[Recorded data — start]

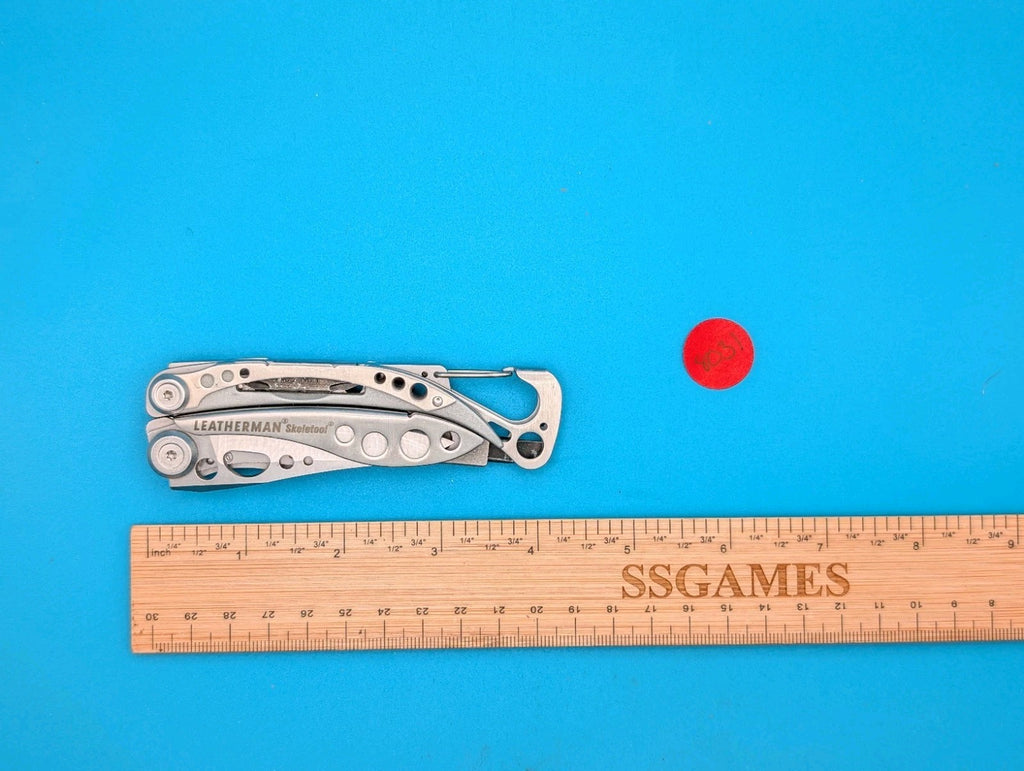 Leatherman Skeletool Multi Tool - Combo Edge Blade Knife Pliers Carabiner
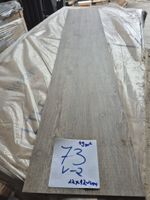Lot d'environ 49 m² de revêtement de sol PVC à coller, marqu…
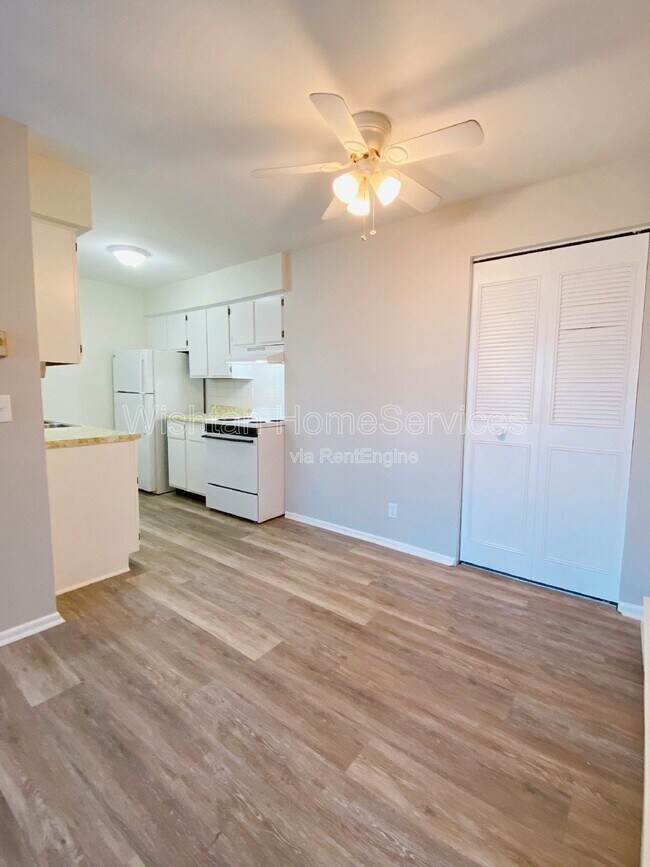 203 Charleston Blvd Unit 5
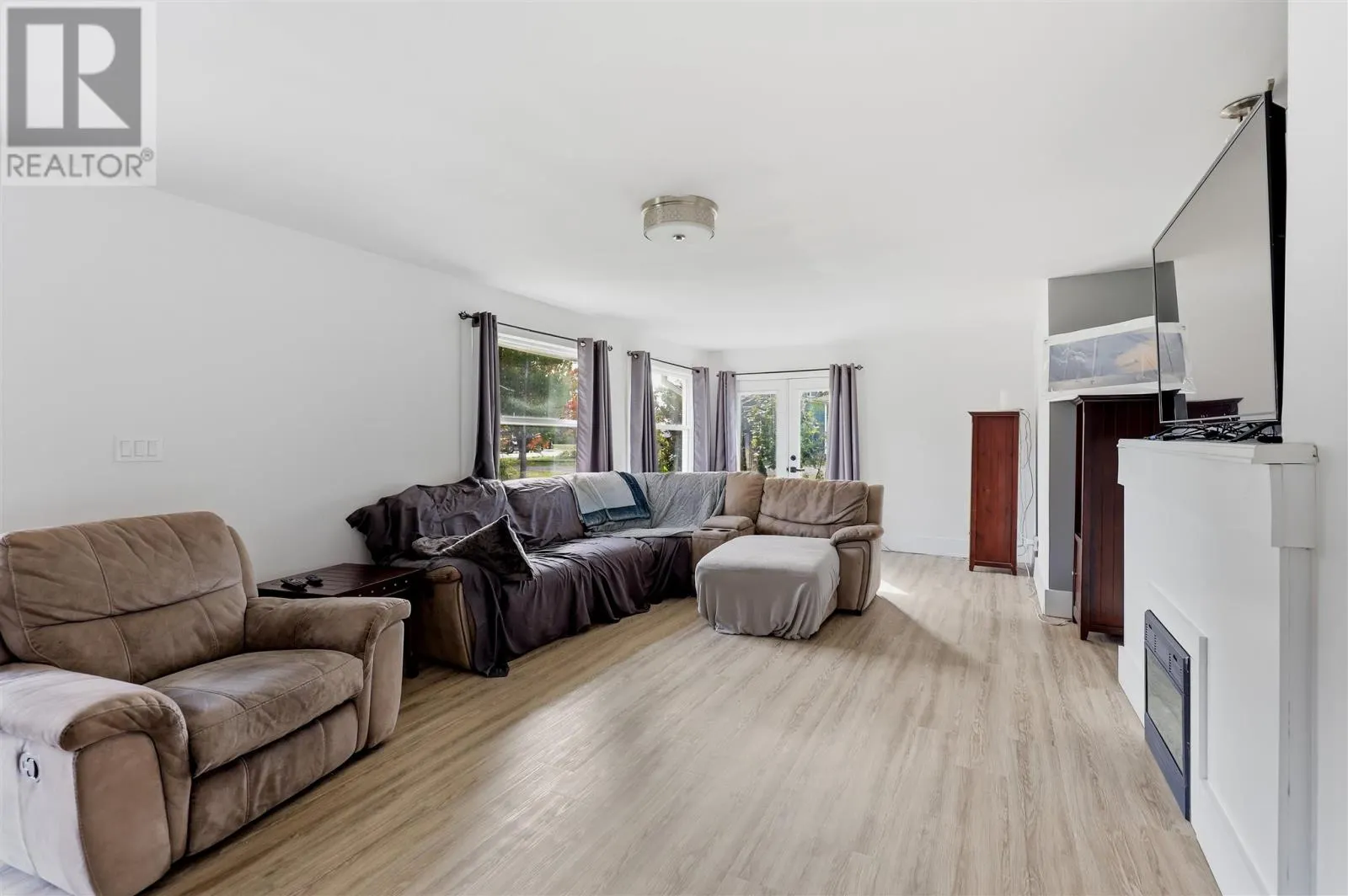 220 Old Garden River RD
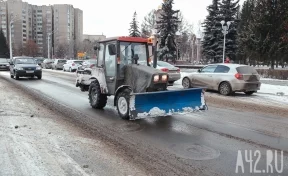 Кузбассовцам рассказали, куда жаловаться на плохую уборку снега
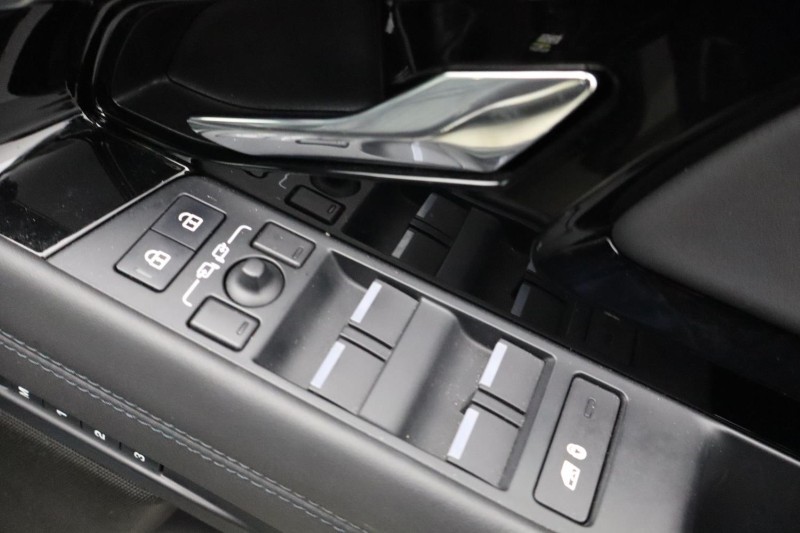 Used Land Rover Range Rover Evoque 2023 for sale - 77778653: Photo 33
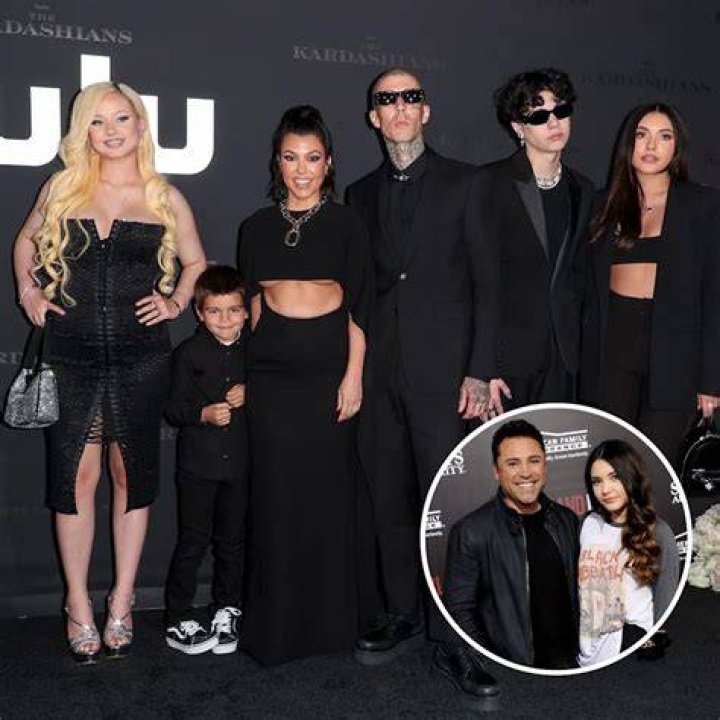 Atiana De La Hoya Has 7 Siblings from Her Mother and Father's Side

[Recorded data — finish]
[Recorded data — start]

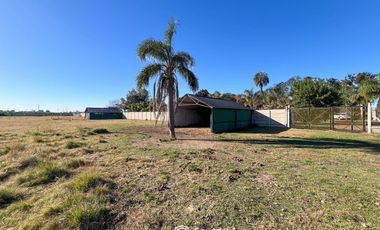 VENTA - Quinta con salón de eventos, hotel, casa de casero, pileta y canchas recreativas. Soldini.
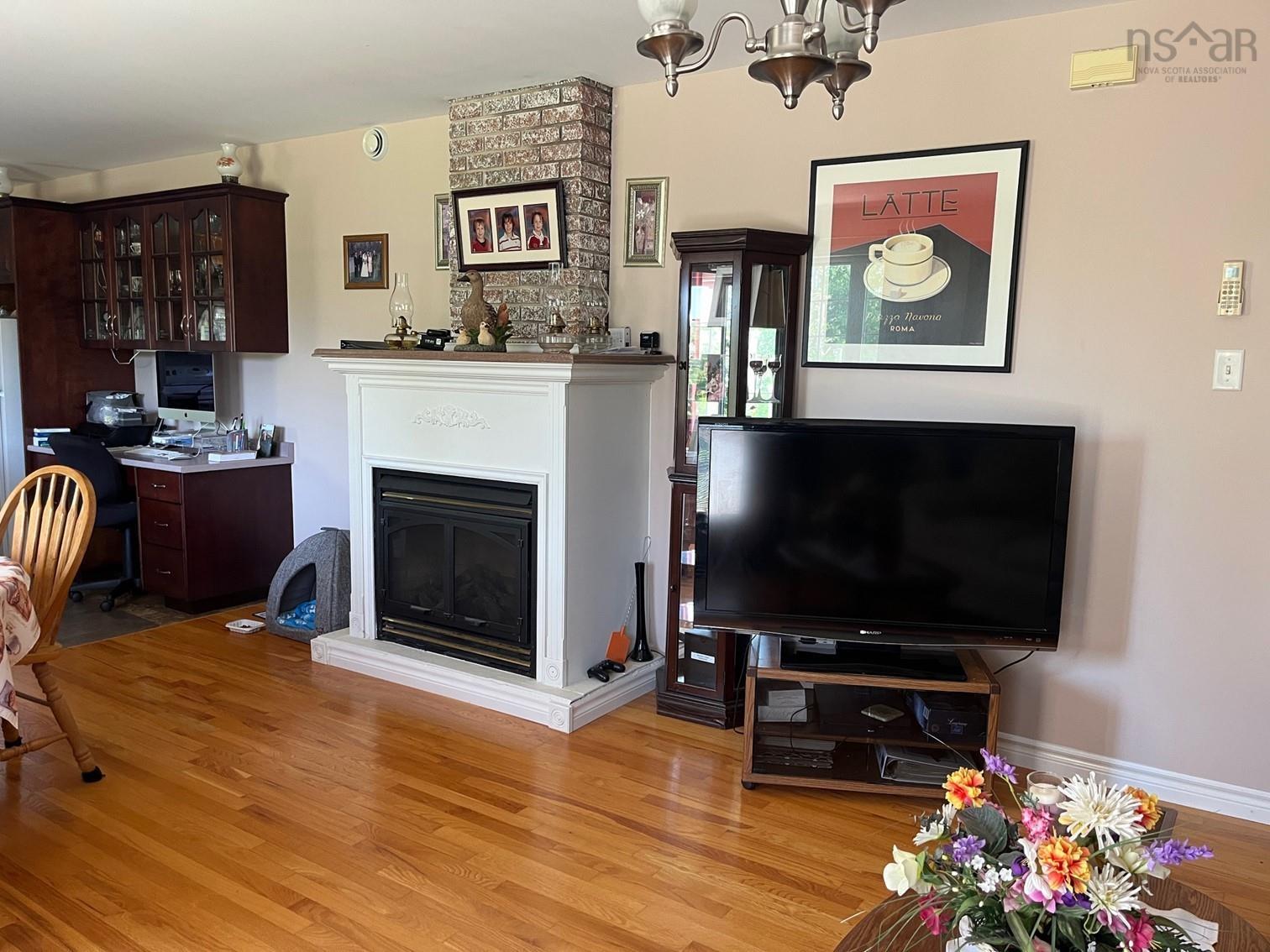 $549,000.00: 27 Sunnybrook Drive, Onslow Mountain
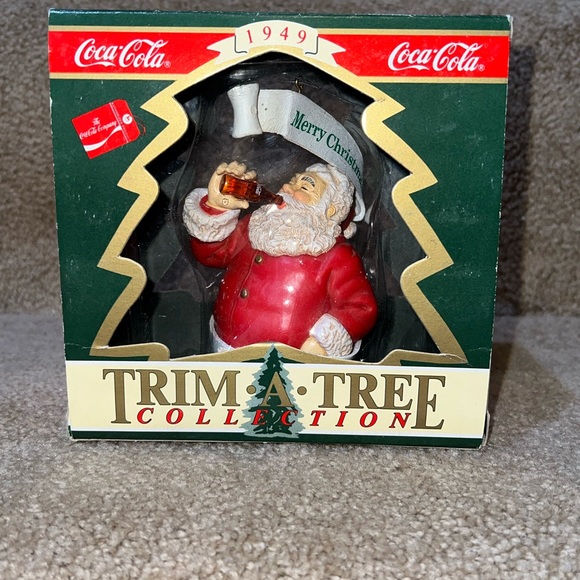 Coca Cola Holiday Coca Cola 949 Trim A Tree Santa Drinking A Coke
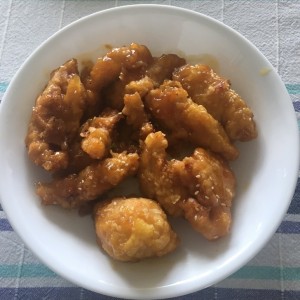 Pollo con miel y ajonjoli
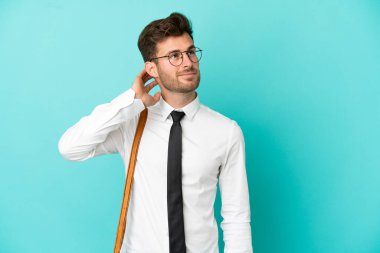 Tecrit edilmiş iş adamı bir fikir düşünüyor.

[Recorded data — finish]
[Recorded data — start]

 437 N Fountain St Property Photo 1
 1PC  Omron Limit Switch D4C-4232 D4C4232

[Recorded data — finish]

**What you have to do:**
Go to the line above that contains "Pollo con miel y ajonjoli" and reproduce everything exactly from there through the line that contains "Tecrit edilmiş iş adamı bir fikir düşünüyor.", leaving out the pictures.

**Your solution:**
 Pollo con miel y ajonjoli
 Tecrit edilmiş iş adamı bir fikir düşünüyor.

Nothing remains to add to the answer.